Asrama bukan hanya seputar masalah air. Soal snack juga selalu menarik untuk dikenang. Di mana ada snack, di situ penghuni asrama berkumpul. Hal yang paling menyenangkan jika penghuni aspura ada yang kedatangan tamu atau kunjungan keluarga. Sudah dipastikan stok makanan siap memuaskan penghuni asrama. Pengintaian dan pengamatan terus tertuju pada kamar yang dapat kunjungan. Berharap keluarga yang berkunjung segera berlalu. Tidak butuh waktu lama setelah keluarga yang berkunjung meninggalkan asrama, tanpa komando semua pada berteriak "serbuuuuu !" makanan dan snack pun habis ditelan predator.
Masalah klasik lainnya adalah sandal, terutama sandal jepit nih. Klaim sepihak tentang kepemilikan sandal jepit sudah terjadi sejak sebulan pertama asrama berpenghuni. Siapa saja bisa ke ruang saji dengan sandal jepitnya yang bertuliskan namanya, namun sebesar apapun nama pemilik tertulis di sandal, tidak menjamin pemilik sandal akan kembali ke asrama dengan memakai sandalnya sendiri. Pulang tanpa alas kaki alias nyeker hampir tiap siang atau makan malam terjadi.
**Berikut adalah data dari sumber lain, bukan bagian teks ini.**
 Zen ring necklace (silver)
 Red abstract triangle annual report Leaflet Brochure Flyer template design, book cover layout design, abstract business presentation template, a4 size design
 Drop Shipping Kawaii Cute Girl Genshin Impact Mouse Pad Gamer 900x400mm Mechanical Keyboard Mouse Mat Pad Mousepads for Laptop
Saat-saat krusial adalah saat lonceng makan berbunyi (dulu panggilan makan dengan lonceng dibunyikan dari ruang saji), pertarungan merebut dan memakai sandal kadang sengit terjadi. Tidak peduli sandal berada di depan kamar siapa, selama itu parkir di depan kamar maka itu adalah sandal yang bisa diperebutkan. Jadi tidak heran kalau ada yang biasa kehilangan sandal di asrama. Air yang tersimpan rapat di dalam lemari aja bisa ditekkel apalagi cuma sandal jepit.
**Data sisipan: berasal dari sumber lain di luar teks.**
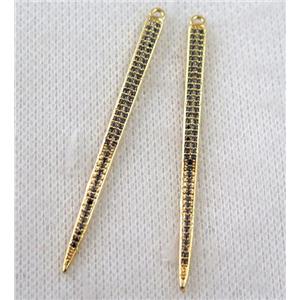 copper spike pendant paved zircon, gold plated, approx 6-55mm [FDZN1042]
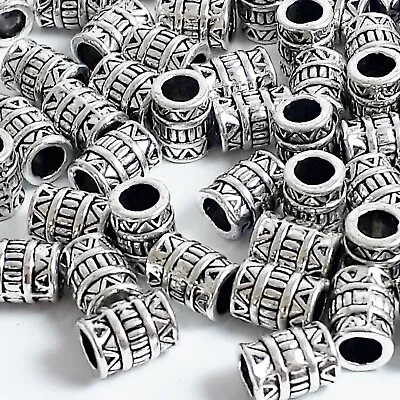 20pcs African Patterned Tube Beads Antique Silver 7x5mm - B00009 • £3.25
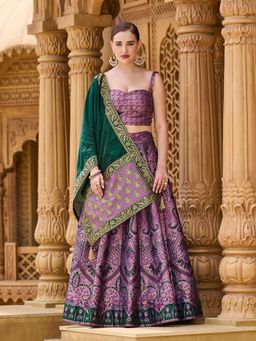 PURVAJA - Embellished Purple Kanjivaram Stitched Lehenga with Unstitched Choli and Dupatta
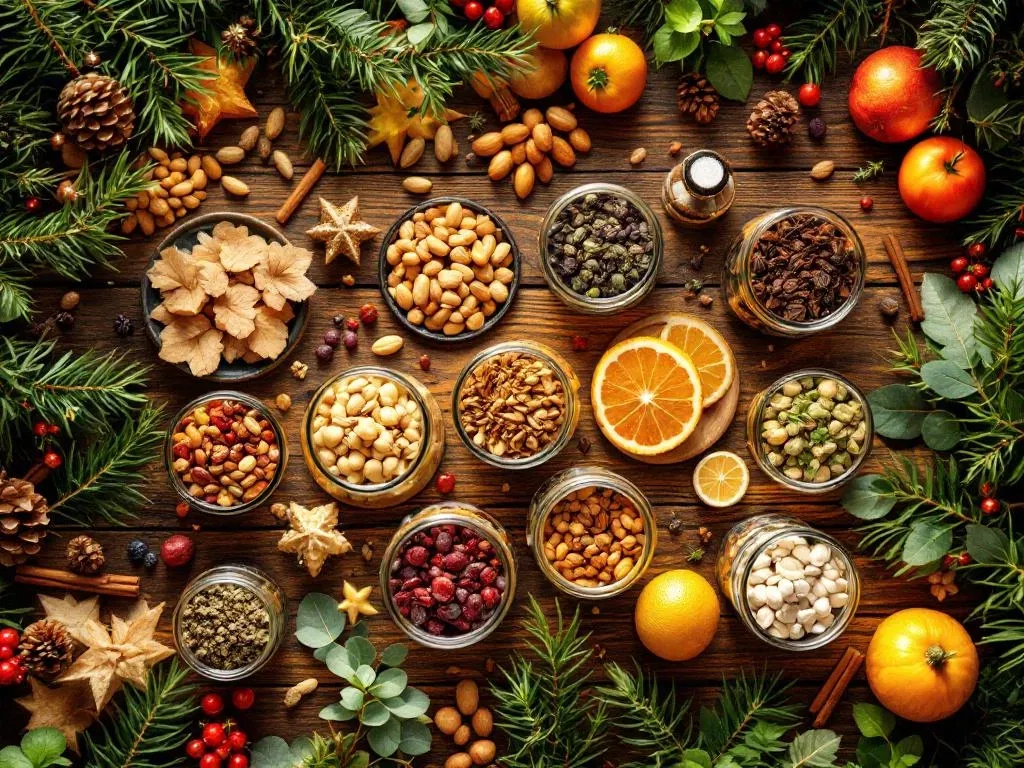 Houten tafel met gezonde kerstcadeaus: glazen potten met superfoods, kruidenthee, noten en gedroogd fruit symmetrisch gerangschikt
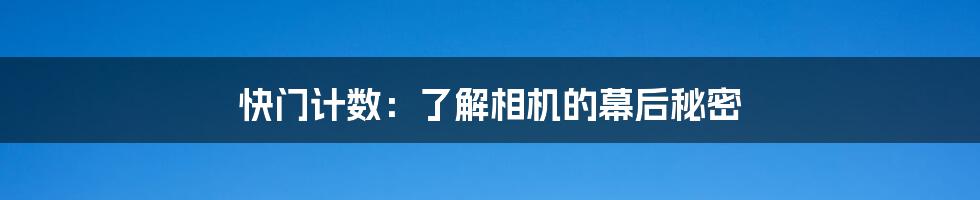 快门计数:了解相机的幕后秘密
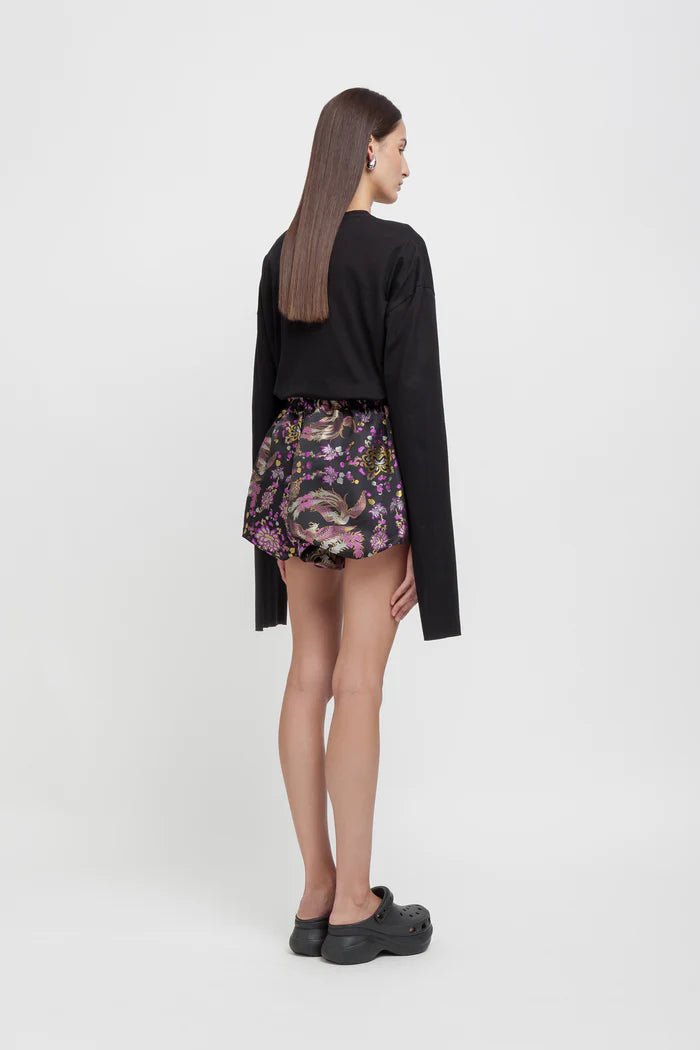 Shorts nuvola neri con tessuto broccato orientale viola e oro - YES SHOPShortsWEILI ZHENGS26PS03-XXS3977248182771
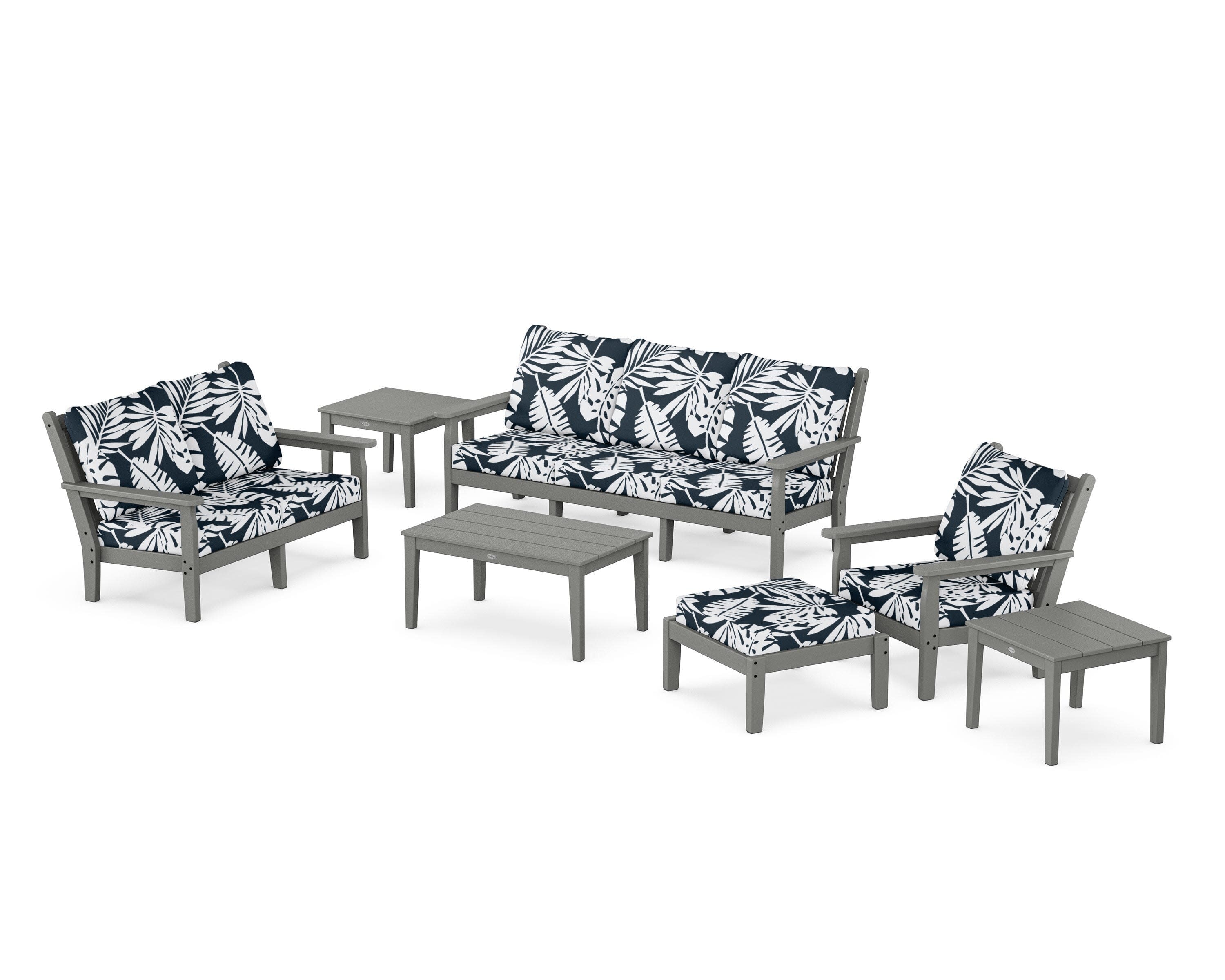 Chippendale 7-Piece Deep Seating Set in Slate Grey / Leaf Marine Indigo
Kesulitan hidup berasrama dengan segala tantangannya, mulai dari sulitnya mencari air sampai fasilitas yang begitu minim menjadikan siswa di asrama lebih solid. Rasa senasib dan sepenanggungan membuat kami lebih dekat bahkan seperti saudara kandung. Fasilitas hiburan yang dimiliki hanya saat itu hanya televisi tabung di ruang tv. Berhubung tv cuma satu maka tontonan favorit pun seragam. Aspura akan menonton ramai-ramai saat serial Dawson Creek tayang. Pembina asrama juga melarang siswa membawa alat elektronik (tidak bisa dibayangkan kalau saat itu sudah bisa membawa laptop atau gadget). Bawa radio pun dilarang, alasannya bisa mengganggu konsentrasi belajar di asrama dan mengganggu siswa lain.
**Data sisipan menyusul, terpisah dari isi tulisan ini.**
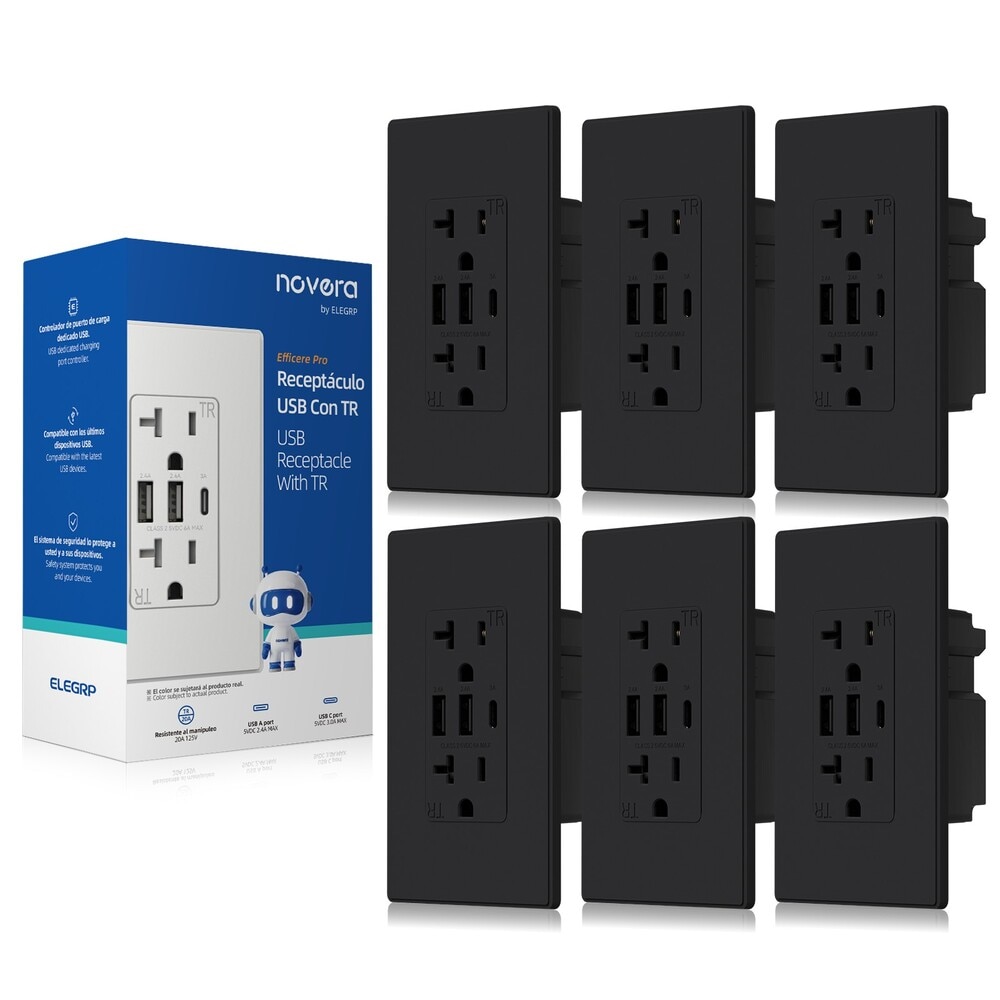 ELEGRP  30W 6.0 Amp 3Port USB Wall Outlet 20A Duplex Receptacle with Dual Type A C Ports UL Listed  Screwless Wall Plate Matte Black 6PC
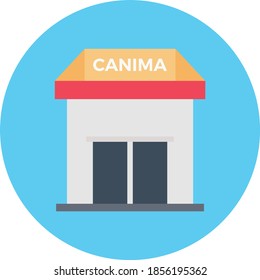 círculo plano de cine con icono de sombra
Kalau dipikir-pikir galak dan tega benar melarang media hiburan buat siswa. Tapi banyak hikmah dibalik larangan ini. Bagaimana kehidupan kami saat itu tanpa media hiburan? Jawabannya kami baik-baik saja dan tetap bahagia. Waktu luang jadi banyak dihabiskan dengan bercanda satu sama lain, bercerita tentang daerah masing- masing, tentang keluarga, tentang mimpi dan cita-cita masa depan. Mau kuliah di mana, ambil jurusan apa nantinya. Banyak cerita yang bisa dibagi saat berkumpul bersama.
Untuk berkomunikasi dengan keluarga dan teman di daerah, saat itu masih menggunakan bantuan pos atau surat-menyurat yang biasanya kami titip setiap hari minggu kepada teman-teman yang akan melakukan kebaktian di Malino. Jika ada yang punya kepentingan mendesak dan harus menelpon ke rumah, maka siswa diizinkan tiap hari minggu ke Malino, tepatnya ke Kantor Pelayanan Telkom yang menyediakan SLJJ ke rumah masing-masing.
Soal pesawat telepon, diakhir tahun pertama akhirnya sekolah punya fasilitas sambungan Telkom. Tentu kabar gembira buat seluruh siswa, karena kami bisa lebih gampang kalau ada keluarga yang menghubungi. Hal ini pun dianggap ajaib, karena hanya boleh menerima panggilan telepon setelah jam pelajaran sekolah usai.
Saat itu udah ada TOA dan terima kasih buat Daeng Sorang (Almarhum penjaga sekolah) yang setia menerima jika ada telepon masuk.